Division of Property Reversed in Williamson County, Tennessee Divorce: Telfer v. Telfer

Facts: This is the second appeal in this case.

In the first appeal, the Court of Appeals reversed the trial court’s classification of certain business interests as Wife’s separate property, instead finding the increase in value of those interests to be marital property. The case was remanded to the trial court to reconsider the division of property now that the marital appreciation of Wife’s business interests is included in the marital estate.

When Wife’s business interests were excluded from the marital estate, the trial court divided the property 51% to Wife and 49% to Husband.

Tennessee property divisionOn remand, Wife’s business interests were valued at $4.6 million. The business interests were gifts to Wife from her father. Husband was found to have made no contribution to acquiring Wife’s business interests. For an explanation of why the marital appreciation of Wife’s business interests is marital property, see the first appeal.

After reconsidering the division, the trial court described Husband as a “reckless” manager of the parties’ finances who lived as if the “well” of money from Wife’s family “would never run dry.”

The trial court kept the same division as before except it ordered Wife to pay Husband an additional $600,000. This resulted in an overall division of approximately 84% to Wife and 16% to Husband.

Husband appealed.

On Appeal: The Court of Appeals reversed the trial court.

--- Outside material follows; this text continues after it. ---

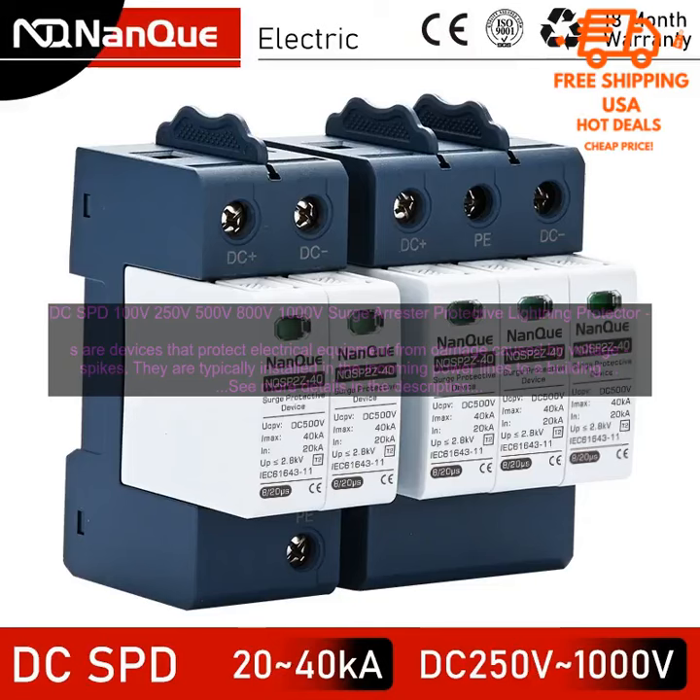Choose a DC surge protector that is UL listed and has a warranty. Install it in a location where it is protected from the elements. By following these tips, you can help ensure that your electrical equipment is protected from damage caused by voltage spikes.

Tennessee law requires that marital property be divided equitably based on the factors in Tennessee Code Annotated § 36-4-121(c) without regard to fault by either party. The law requires an equitable division of marital property, not an equal division. Tennessee courts have wide discretion in dividing marital property.

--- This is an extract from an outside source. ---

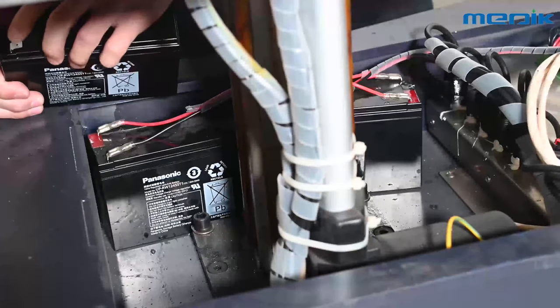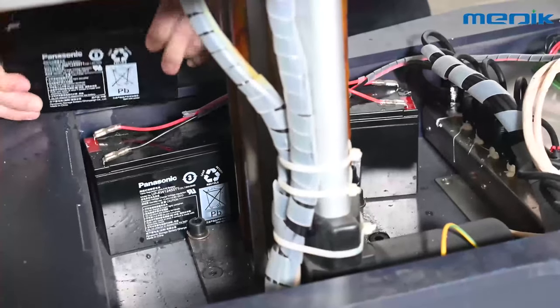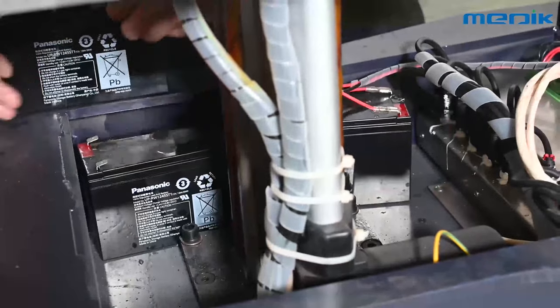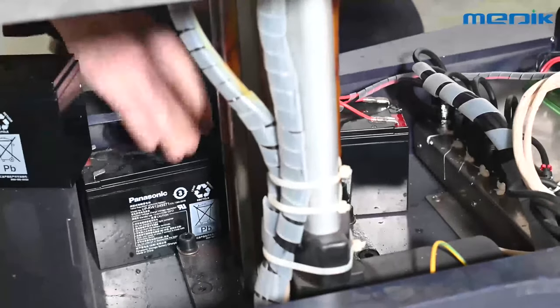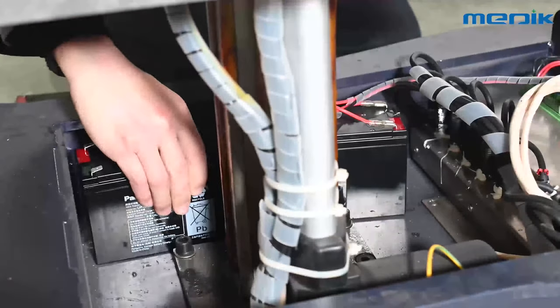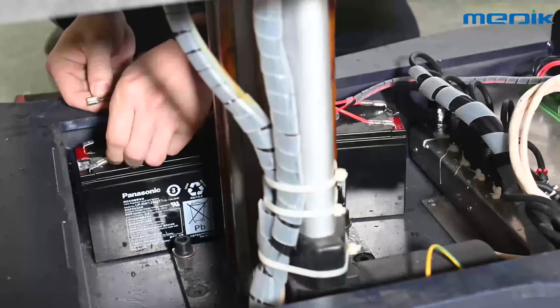Step 3: Place the battery the same as the original way with the polarity opposite. Then connect the cable with the battery polarity. Remember that the red cable connects to the red terminal and the black cable to the black terminal.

The Court concluded an 84/16 division is an abuse of discretion in this marriage of long duration:

The [trial] court focused a great deal on the relative financial contributions of the parties in dividing the marital estate. We believe that the [trial] court, in dividing the appreciation of the business entities this Court instructed be included in the marital estate, lost sight of the forest for the trees. This was a long-term marriage, in which Husband exercised a great deal of the financial decision-making. If Husband, like Wife, benefited from Wife’s family’s largesse, that does not serve to undermine all of the otherwise relevant statutory factors such as the economic circumstances of Husband and Wife when the division of the estate becomes effective and the duration of the marriage. We also note that if Husband had been successful rather than unsuccessful financially, there is little question that the fruits of his success would be fair game for equitable division. As long as it does not rise to the level of dissipation, spouses share the results not just in successful financial decisions but also in the unsuccessful ones.

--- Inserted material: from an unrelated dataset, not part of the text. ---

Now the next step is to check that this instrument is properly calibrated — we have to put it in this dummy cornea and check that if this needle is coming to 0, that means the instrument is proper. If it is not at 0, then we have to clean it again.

We are very much disinclined to tinker with a lower court’s decisions regarding the division of a marital estate. However, the 84/16 division of the marital estate in this case is extreme and inequitable resulting in an injustice to Husband. The factual basis for the [trial] court’s division of the marital estate is not properly supported by evidence in the record. Further, the [trial] court did not properly identify and apply the most appropriate legal principles applicable to the equitable division of the marital estate. We vacate the [trial] court’s division of the marital estate, and remand for a new division that will award 65% of the entire marital estate to Wife and 35% to Husband. To emphasize, it does not matter how the court below divides a particular marital asset because ultimately it is the overall division of the entire marital estate that must be equitable, a fact seemingly lost in this drawn-out case.

The trial court’s judgment was reversed and the case remanded to effect a 65/35 division of the marital property.

K.O.’s Comment: Tennessee courts have blessed grossly unequal divisions of marital property because of the relative contributions of the parties.

For example, in Phelps, an 88/12 division was affirmed in a long marriage where one party’s contribution was found to have far exceeded the other’s. For another, consider Brown, where an 80/20 split of the marital appreciation of Husband’s separate business was affirmed in a long marriage where Wife made no contribution to the business.

Why is a similar result here an “extreme” outcome? Instead of an explanation, the Court offers mere conclusions between potshots at the trial court.

It would help family-law attorneys and trial-court judges alike to know how or why this trial court’s decision to give more weight to relative contribution and less weight to other factors constitutes reversible error under a highly deferential standard of review.

Telfer v. Telfer (Tennessee Court of Appeals, Middle Section, March 5, 2018).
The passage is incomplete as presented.